Round Singapore Challenge initially targeted onboarding 2,500 participants, but has now recorded a total of 4,123 participants from 80 teams. “With the great results we’ve achieved in Singapore so far, we are now confident to move further into other countries too,” Sheyong shared.
Fostering team spirit for good
On top of setting up friendly competition between SEA countries, BiiB has also worked with companies and NGOs to encourage employee involvement and raise funds for the needy.
Locally, LHDN has used the platform to host its employee engagement programme to promote health and fitness within their workforce while they work remotely. Bukit Jalil Sports School has also used BiiB to engage with their alumnis who could team up virtually based on their graduation years to run with their batchmates.
Additionally, teams have leveraged the Round Singapore Challenge to fundraise for people in need. One of their ongoing campaigns has so far raised over RM2,000 for a baby requiring reconstructive surgery involving her skull and implants in her face due to a neurological condition.
“We hope more communities will do the same to make this event more impactful,” Sheyong expressed.
Setting the path for active and fulfilling lifestyles
Moving forward, BiiB’s team is looking to organise more events that can cater to different groups of people. They include those who want to contribute to charity, or those who want to run as a way to be active with a community that can motivate them.
The team is also working on creating a feature in their app that can help organisations easily create in-house events to promote active lifestyles in employees.

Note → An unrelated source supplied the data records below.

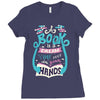 book is a dream Ladies Fitted T-Shirt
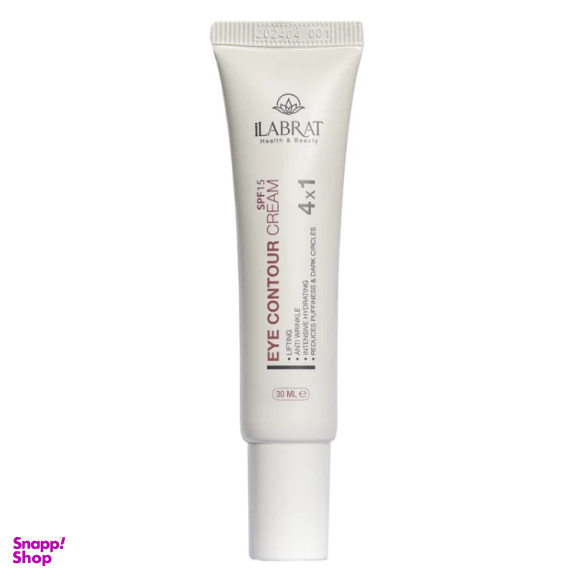 کرم دور چشم ایلابرت مدل 4x1 حجم 30 میلی لیتر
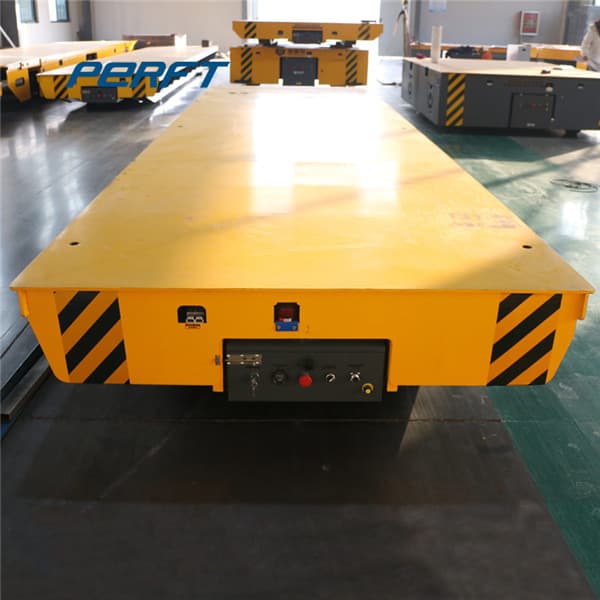 5t industrial transfer trolley for steel shop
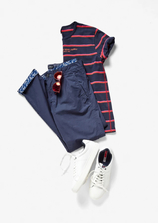 Pantaloni s.Oliver Phoenix  Albastru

Sheyong hopes to make BiiB an app that will become the largest digital running arena in the world, where individuals can represent their communities in global challenges.
Networking will be one key to that, and being a MaGIC alumni, BiiB has been able to meet other entrepreneurs with insights to share via various programmes. Currently, they’re involved in MaGIC’s Global Market-Fit Programme that helps startups expand and accelerate growth in other countries, an initiative that’s in line with their plans to replicate their success in other nations.
Bottom line: With such a high level of emphasis put into team spirit on BiiB, it’s likely something that would actually push me to keep up with jogging/running even when doing it alone, since my data will be recorded into the app for all my teammates to see and call me out if I cheated.
Editor’s Update: Parts of this article have been updated to reflect greater accuracy of statements.